What is expected —
Wherever the word "Canvas" occurs in the listing, copy the whole line.

Dataset records —
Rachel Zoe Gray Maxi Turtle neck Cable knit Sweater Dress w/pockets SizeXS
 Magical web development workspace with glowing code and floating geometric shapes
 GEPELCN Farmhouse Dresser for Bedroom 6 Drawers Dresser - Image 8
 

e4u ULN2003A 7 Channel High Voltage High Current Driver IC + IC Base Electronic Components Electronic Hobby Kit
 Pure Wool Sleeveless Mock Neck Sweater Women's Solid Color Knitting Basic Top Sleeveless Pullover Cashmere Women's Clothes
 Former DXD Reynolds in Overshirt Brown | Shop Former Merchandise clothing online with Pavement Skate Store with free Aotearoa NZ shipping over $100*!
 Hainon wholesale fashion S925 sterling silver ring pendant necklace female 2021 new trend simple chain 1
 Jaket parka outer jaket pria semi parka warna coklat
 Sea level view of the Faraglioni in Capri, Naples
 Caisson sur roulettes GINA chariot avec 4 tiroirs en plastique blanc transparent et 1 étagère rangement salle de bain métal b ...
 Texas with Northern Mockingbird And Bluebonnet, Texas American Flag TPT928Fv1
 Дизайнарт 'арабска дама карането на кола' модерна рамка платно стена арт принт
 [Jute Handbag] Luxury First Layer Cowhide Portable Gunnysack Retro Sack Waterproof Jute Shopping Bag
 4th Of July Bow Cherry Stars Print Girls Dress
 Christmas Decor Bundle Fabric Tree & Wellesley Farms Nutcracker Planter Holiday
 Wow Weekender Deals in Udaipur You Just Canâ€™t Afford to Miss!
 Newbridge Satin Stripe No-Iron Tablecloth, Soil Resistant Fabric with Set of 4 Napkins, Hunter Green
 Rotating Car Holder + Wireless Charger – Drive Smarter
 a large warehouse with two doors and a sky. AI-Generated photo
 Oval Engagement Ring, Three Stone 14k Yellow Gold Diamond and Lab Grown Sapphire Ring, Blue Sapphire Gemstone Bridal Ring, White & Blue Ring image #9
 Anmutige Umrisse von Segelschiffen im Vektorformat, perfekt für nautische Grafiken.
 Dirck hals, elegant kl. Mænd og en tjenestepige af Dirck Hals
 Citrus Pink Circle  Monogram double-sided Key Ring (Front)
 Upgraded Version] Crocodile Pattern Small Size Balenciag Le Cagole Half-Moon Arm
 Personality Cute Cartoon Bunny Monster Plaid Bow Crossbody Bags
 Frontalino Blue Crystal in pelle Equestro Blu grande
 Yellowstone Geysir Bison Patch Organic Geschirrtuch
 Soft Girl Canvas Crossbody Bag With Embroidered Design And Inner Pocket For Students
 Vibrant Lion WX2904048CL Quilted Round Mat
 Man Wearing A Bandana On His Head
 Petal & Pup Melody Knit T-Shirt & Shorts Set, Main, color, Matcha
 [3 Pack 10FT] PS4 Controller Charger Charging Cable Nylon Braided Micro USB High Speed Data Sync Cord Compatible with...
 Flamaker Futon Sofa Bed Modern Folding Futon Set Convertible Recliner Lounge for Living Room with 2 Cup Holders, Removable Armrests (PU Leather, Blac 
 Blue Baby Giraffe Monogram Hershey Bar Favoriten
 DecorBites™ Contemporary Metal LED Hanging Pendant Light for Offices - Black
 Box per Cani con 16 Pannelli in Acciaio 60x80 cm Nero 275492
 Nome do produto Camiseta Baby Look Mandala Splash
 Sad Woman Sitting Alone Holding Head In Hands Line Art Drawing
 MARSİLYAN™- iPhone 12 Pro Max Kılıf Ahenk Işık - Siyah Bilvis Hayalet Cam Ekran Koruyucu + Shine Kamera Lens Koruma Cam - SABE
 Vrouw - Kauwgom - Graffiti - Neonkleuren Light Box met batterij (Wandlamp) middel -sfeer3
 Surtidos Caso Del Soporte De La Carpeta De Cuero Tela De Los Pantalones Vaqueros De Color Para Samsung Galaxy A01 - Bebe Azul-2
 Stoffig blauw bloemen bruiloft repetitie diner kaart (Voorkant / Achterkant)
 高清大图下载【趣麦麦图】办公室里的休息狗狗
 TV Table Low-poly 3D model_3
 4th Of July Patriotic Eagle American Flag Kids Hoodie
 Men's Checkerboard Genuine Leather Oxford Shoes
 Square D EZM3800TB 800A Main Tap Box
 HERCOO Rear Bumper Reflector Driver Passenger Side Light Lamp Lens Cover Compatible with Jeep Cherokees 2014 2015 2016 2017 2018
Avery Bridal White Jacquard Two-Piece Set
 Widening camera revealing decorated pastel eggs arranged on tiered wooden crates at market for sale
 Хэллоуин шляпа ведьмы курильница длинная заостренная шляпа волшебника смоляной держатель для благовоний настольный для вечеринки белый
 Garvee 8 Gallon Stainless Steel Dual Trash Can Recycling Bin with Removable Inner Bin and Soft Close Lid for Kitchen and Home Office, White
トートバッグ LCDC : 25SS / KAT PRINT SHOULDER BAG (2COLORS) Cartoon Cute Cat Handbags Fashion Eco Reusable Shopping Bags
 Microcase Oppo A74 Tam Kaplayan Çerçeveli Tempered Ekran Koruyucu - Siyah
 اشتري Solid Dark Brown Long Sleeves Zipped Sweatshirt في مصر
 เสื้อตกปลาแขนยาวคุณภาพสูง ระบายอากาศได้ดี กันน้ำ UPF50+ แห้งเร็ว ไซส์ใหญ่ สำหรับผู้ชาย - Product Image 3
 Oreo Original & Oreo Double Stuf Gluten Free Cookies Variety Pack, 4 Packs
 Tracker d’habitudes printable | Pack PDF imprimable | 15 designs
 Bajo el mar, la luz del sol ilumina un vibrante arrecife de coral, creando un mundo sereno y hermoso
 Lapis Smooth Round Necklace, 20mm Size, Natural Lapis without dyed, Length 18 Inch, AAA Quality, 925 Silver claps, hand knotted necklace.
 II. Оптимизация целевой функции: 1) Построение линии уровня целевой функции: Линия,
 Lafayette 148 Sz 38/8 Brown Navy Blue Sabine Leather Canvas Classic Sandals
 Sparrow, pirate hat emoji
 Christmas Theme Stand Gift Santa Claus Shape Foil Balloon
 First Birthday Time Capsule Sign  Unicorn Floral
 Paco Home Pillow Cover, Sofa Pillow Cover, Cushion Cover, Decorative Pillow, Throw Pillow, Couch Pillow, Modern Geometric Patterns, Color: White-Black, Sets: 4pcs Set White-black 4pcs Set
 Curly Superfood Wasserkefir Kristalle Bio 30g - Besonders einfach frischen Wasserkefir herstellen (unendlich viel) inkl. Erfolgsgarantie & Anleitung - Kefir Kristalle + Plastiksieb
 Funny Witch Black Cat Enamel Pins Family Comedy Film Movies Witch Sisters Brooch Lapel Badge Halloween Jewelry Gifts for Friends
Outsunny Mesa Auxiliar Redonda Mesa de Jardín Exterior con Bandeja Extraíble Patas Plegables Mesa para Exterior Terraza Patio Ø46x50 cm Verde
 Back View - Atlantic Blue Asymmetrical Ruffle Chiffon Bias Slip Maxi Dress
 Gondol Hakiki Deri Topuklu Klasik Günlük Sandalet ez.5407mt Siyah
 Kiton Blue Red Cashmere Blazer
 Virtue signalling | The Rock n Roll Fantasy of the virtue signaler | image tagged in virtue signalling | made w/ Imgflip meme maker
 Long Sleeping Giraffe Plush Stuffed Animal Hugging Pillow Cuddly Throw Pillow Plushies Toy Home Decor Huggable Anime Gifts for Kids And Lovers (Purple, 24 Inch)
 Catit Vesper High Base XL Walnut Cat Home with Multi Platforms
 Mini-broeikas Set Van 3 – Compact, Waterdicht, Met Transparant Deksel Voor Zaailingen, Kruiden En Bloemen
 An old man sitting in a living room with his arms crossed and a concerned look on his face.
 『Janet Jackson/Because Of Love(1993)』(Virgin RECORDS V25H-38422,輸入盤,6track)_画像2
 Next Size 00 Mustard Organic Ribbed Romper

Task output —
 Soft Girl Canvas Crossbody Bag With Embroidered Design And Inner Pocket For Students
 Lafayette 148 Sz 38/8 Brown Navy Blue Sabine Leather Canvas Classic Sandals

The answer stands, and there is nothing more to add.